Моя жизнь. Часть 4. Диссертация дфмн. Раздел 1

Виктор Кон
Предисловие

Это четвертая часть моих воспоминаний из четырех, написанных к моменту создания книги. Фотографии к четвертой части размещены в альбоме "Воспоминания-2" на моем аккаунте сайта Яндекс-фотки. Попасть туда можно по адресу http://fotki.yandex.ru/users/kohnvict/album/186170/. Там же есть ссылки и на другие альбомы, в том числе альбом "Воспоминания-1" к первой части. Я стараюсь писать максимально достоверно, то есть не выдумки, а как все было на самом деле. Однако, к сожалению не все детали мне были известны, и не все были интересны в свое время, а многое просто забылось. Поэтому картина частично может оказаться неточной. Очевидцев тех событий осталось немного, но если кто укажет мне на неточность или дополнительную деталь, то я перепишу соответствующий фрагмент. Электронная публикация тем и интересна, что ее можно переписывать постоянно. Уже написаны также первая, вторая и третья части. Также можно скачать все книги в электронном формате fb2 для чтения на планшете. Ссылка есть в дневнике на моей странице Яндекс-фоток, а также на моей странице данного сайта. Итак я начинаю. (Июль 2012 года)

Многоволновая дифракция.

Интересный феномен -- начало жизни запомнилось лучше, чем середина. Писать становится все сложней. Хотя впечатлений от жизни в тридцати-сорока-летнем возрасте тоже много, но они оказались никак не привязаны к конкретным датам. Даты приходится восстанавливать по бумагам, но и это не просто, не все удается восстановить. Очень помогают список опубликованных статей и программы конференций. Остальные даты приходится восстанавливать по разным источникам, включая интернет.

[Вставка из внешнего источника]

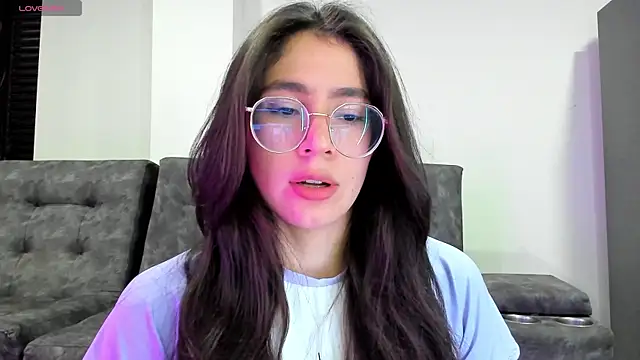 emmadiaz1 online show from 01.31.25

Так из интернета я узнал, что Афанасьев защитил докторскую диссертацию в 1971 году. Я совершенно не помню ни его защиту, ни какие-либо события, с ней связанные. А Максимов защитил докторскую диссертацию в 1972 году. То есть к началу 1973 года уже оба были докторами, а я написал, что они только писали диссертации. Впрочем небольшая путаница с датами не имеет принципиального значения.

В этой части я попробую рассказать о своей работе над теми статьями, по которым в 1985 году я защитил докторскую диссертацию. Защита докторской у меня затянулась, так же как и кандидатской. Реально я ее начал писать в 1983 году и закончил в начале 1984 года, но и писать я ее начал с опозданием. Причиной явился разрыв с Афанасьевым. Хотя я все свои статьи написал сам, и все работы сам сделал, но Афанасьев был соавтором некоторых статей.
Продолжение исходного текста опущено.